RESSAM NİHAT TAŞKIRAN’LA, RESİM SANATI ETRAFINDA
Bu haftasonu ADIMLAR Fikir-Kültür-Siyaset Plâtformu’nun Fatih bürosunda Ressam Nihat TAŞKIRAN’ı ağırladık.
Cumartesi, saat 15:00’te başlayan sohbet, kendisini “alaylı bir ressam” olarak tavsif eden 1962 Adıyaman doğumlu ressamımızın, çocukluk ve ilk gençlik yıllarında resme yöneliş macerasını anlatmasıyla başladı.
Sayın Taşkıran çocukluk döneminde resme ilgi duyma sebeblerini, duygu ve his kabiliyetlerini, ressam olma arzusunu, buna karşın gerek bölge, gerek ailesinden başlayarak yakın çevresinin içerisinde bulunduğu maddi zorluklar ve sıkıntıları bir türlü aşamaması ve böyle bir çocukluk döneminden sonra çok arzu ettiği “sanat eğitimi”ni bir türlü alamaması ile başladığı konuşmasının bu bölümünde adetâ oto-portresini tasvir etmiş oldu.
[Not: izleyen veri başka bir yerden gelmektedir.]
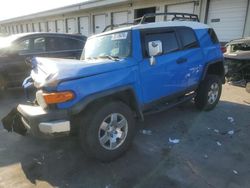 Toyota fj Cruiser salvage cars for sale: 2008 Toyota FJ Cruiser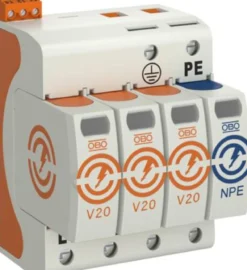 transientbeskyttelse V20-3+NPE+FS-280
Gayet açık sözlü bir şekilde ve samimi duygularla tasvir edilen bu tablo karşısında, “hayatını sanatına adayan sanatkâr” idealinden bazı çizgiler gördük desek, abartmış olmayız.
Batı Resminin bugün geldiği donma, daha doğru bir ifâdeyle dejenere anlayışın, tarihindeki belki en önemli kırılma noktası olan “Akademizmin reddi”nin, esaslı bir “sanat eğitimi”ni inkâra yol açması, ifâde çetinliği yaşayan ressamlarımızın sözlerinde temel bir mesele olarak kendisini gösteriyor.
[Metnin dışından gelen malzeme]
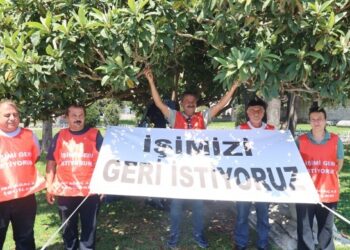 6 yıl sonra ‘güvenlik soruşturması’ gerekçesiyle işten çıkartıldılar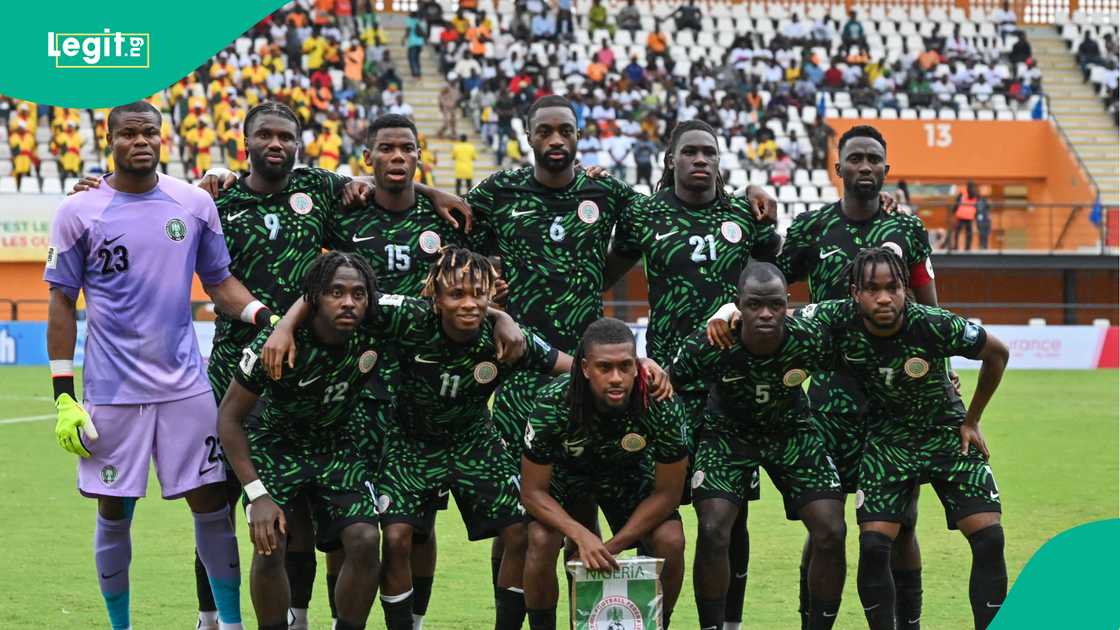 Super Eagles, FIFA, World Cup, South Africa, Nigeria, Lesotho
Batı sanat tarihi açısından 19. Yüzyılın ikinci yarısından başlayarak 20. Yüzyılda büyük bir devrime kapı açan bu red tavrı, Batılı ressamlar tarafından hakkı verilmiş bir şahsiyet ifâdesiyken, söz konusu büyük ressamların ölümünden sonra bu temel problem ne yazık ki anlaşılamamış olarak, resim sanatı başta olmak üzere, sanatta büyük bir rastgeleliğe kapı açmıştır.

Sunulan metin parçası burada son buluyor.